WHAT THE TASK ASKS
The word "Wall" marks the lines to copy; find all of them in the entries below.

INPUT DATA

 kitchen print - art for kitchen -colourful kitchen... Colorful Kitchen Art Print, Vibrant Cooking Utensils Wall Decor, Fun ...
---
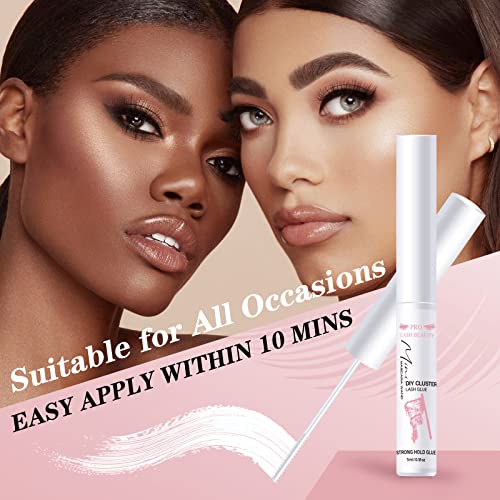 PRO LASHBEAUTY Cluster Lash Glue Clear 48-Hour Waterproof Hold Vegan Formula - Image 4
...
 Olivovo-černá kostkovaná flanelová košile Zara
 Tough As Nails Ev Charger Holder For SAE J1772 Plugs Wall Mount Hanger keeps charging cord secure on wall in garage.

THE ANSWER
 kitchen print - art for kitchen -colourful kitchen... Colorful Kitchen Art Print, Vibrant Cooking Utensils Wall Decor, Fun ...
 Tough As Nails Ev Charger Holder For SAE J1772 Plugs Wall Mount Hanger keeps charging cord secure on wall in garage.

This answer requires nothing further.